Monday, January 14, 2013

Zero Dark Thirty Review

By Steven McLain

Spoiler alert: bin Laden dies at the end.  But we all knew that going into the theater.  The really intriguing part of the movie isn't the outcome, but how it was achieved.  Like most things in life, the journey is just as important as the destination.  Especially when that journey comprises the biggest manhunt in human history, and is fraught with moral conundrums and political machinations beyond the movie theater.  The reason for all the fist wrangling is that the film-makers had extraordinary access to CIA agents and information about the manhunt for bin Laden and because the movie depicts aspects of "heightened interrogation techniques" beyond what was officially acknowledged.  Simply put, Zero Dark Thirty, directed by Kathryn Bigelow and starring Jessica Chastain, takes a hard look at the methods used to gather intelligence not only about the location of Osama bin Laden, but also forthcoming attacks such as the London and Madrid bombings.  In this respect, the filmmakers make a hard decision about how to portray coercive interrogations--torture. 

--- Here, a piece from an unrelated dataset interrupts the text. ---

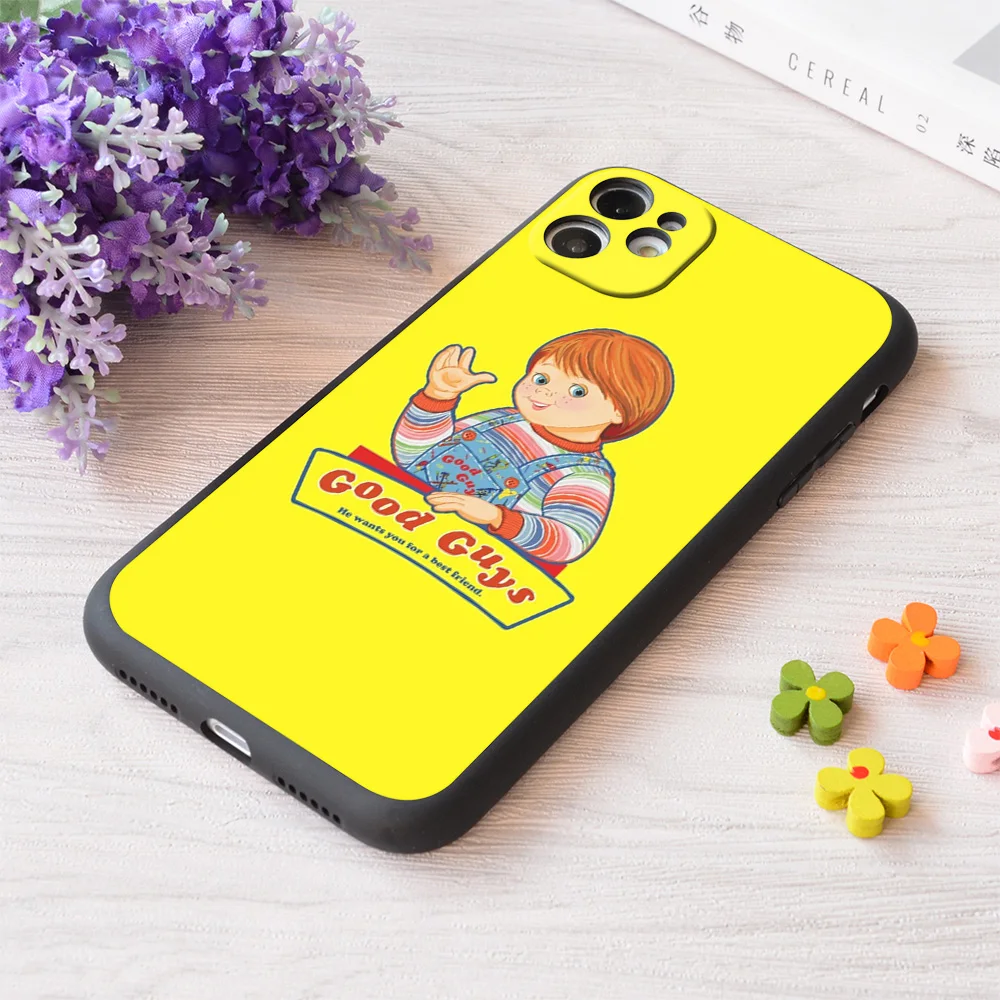 

For iPhone Good Guys Child's Play Chucky Print Soft Matt Apple Case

As a moral argument, few people would quibble over whether to use torture as a means to extract timely information that might prevent an attack, or save someone's life.  The old story goes something like this: a child has been kidnapped and the kidnapper has been caught, but the child has not been found and the kidnapper refuses to disclose the child's location.  Are law enforcement officers justified in using torture to extract that information and save the child's life? 

Lawmakers and intelligence agencies in the war against terror have contended that torture is a valuable and justifiable method for gathering intelligence that might prevent attacks against American interests.  But is torture justifiable in gathering information about the location of Osama bin Laden?  You could argue (and the movie does in passing) that by catching bin Laden further attacks could be prevented, especially attacks on American soil.  But politicians, and the American public, did quibble over the morality and legality of using torture to gather intelligence that would lead to his capture.  By that point, the war in Iraq had eclipsed the war in Afghanistan, and the hunt for bin Laden had been pushed the back burner.

Jessica Chastain as CIA agent Maya
The movie follows that back-burner effort, spearheaded by Maya's quixotic efforts to find Osama bin Laden.  Except that we know those efforts were far from in vain.  In fact, he was caught, he was killed, and it may have earned President Obama a second term in office.  It galvanized support for the president, and offered a viable excuse for withdrawing troops from Afghanistan.  It was a literal nail in the war on terror's coffin. 

Zero Dark Thirty unflinchingly follows efforts to find bin Laden, and looks at the human cost (both to those being brutalized and the brutalizers) of so-called "enhanced interrogation techniques" and also at the way intelligence activities shifted toward electronic intelligence with the softening support of detainee programs on the homefront.  But the movie offers a look that is neither easy to classify, nor easy dismiss.  The character of Maya, whom the movie follows for much of the action (save the actual raid on the bin Laden compound, itself unsettling in its banality), is acknowledged from the beginning as "a killer."  She does not shirk from using torture, but the cost is plain on her face and we are left with a parting shot of her weeping--but are her tears catharsis or realization that her life is now meaningless, the majority of it devoted to finding and killing Osama bin Laden?

SEALs about to breach the bin Laden compound
Kathryn Bigelow manages to create a movie that is at once decisive and cloying, tempting the audience with answers but never fully revealing them.  Because, ultimately, the movie hopes to accurately represent reality, in which morality is never black and white, and answers are difficult to procure, if you can even stop to ask the right questions.  Are we, in those tears, meant to see ourselves?  Does Maya embody the American obsession with bin Laden?  And now that we took him out, the meaninglessness of our lives?  How do we confront the horrors of that obsession, and the cost we're still reaping in the Middle East?  These aren't easy questions to answer, but the movie declared brilliantly that they are questions we ought seriously to ponder.

Overall, I would recommend this movie to just about everybody.

1 comment:

  1. A very well directed and acted movie! Its like watching events of last decade from America's perspective (though it may be faulty at times). At a shorter length (20-25 minutes), this movie could have been an outstanding one. However, with good performances and good dialogues, it is still a very good movie to watch.